En primer lugar, contra el paradigma adversarial o confrontativo, habría que señalar que es cuando menos impreciso reconstruir todo intercambio argumentativo como uno en el que buscamos cambiar las creencias de nuestras y nuestros interlocutores. Existen casos, pienso que suficientemente claros, en los que lo que sucede es que, cuando argumentamos, sólo buscamos comunicar nuestro punto de vista, incluso cuando no existe posibilidad alguna de hacer que cambien las creencias de nuestras y nuestros interlocutores. En este caso, podríamos describir la situación más bien como argumentar por argumentar, incluso como argumentar por el simple gusto de hacerlo.
En segundo lugar, es cierto que en un buen grado no podemos decidir creer algo o no, como señaló Bernard Williams, quien fuera profesor de las universidades de Cambridge y Berkeley. Pero esto se debe, fundamentalmente, a que para que creamos algo tenemos que creer que es verdad. Pero también podemos ponernos en una situación para creer algo, lo que hace que las creencias no sean absolutamente involuntarias. Piénsese por un momento en la apuesta de Pascal en favor de la existencia de algún dios (su dios). Su argumento sólo tiene sentido si es posible controlar en algún sentido y en cierto grado nuestras creencias. Uno se puede, por ejemplo, poner en situación de creer algo. En el caso pascaliano, uno apuesta por la existencia de una divinidad (concediendo que sea una buena apuesta), y ello no le lleva directamente a dicha creencia. Pero puede asistir regularmente a celebraciones religiosas, leer con asiduidad textos que se consideran sagrados, dialogar con otras personas que creen, y con el tiempo terminar creyendo. En el sentido anterior, entrar a un intercambio argumentativo, bajo ciertas condiciones, con alguien que no comparte nuestra(s) creencia(s), es ponerse en situación de posiblemente modificar dicha(s) creencia(s) ante las que podrían ser mejores razones de las que uno dispone en favor de sus creencias originales. Así, no se sigue que la argumentación sea esencialmente una interacción adversarial o confrontativa.

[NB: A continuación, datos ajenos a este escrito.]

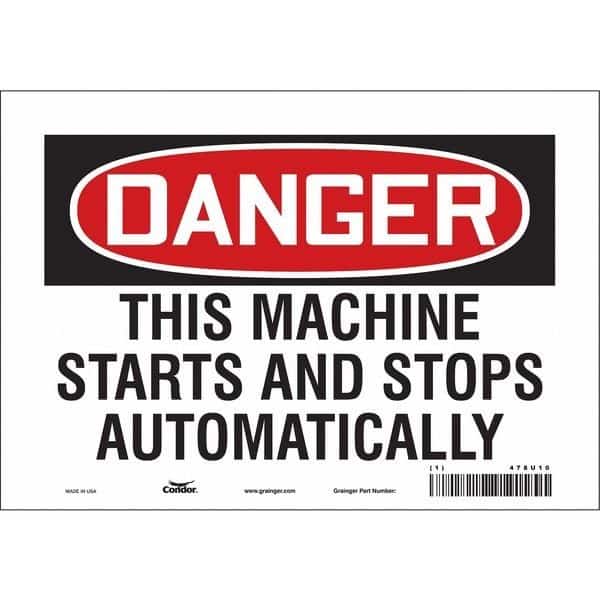 Antifreeze Fluid Handler,15 Gal,30In Dia, Mfr#: AH-15, GRAY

Por último, los bienes que obtenemos de una buena argumentación no son excluyentes, sino incluyentes. Es decir, los bienes que podemos obtener no son del tipo de “si yo los gano, tú los pierdes”, sino del tipo “si yo los gano, tú también los ganas”. Hacemos mal, por tanto, al considerarnos adversarias y adversarios en la argumentación: somos colegas en la búsqueda del conocimiento, la justificación, la acción racional, y demás bienes públicos.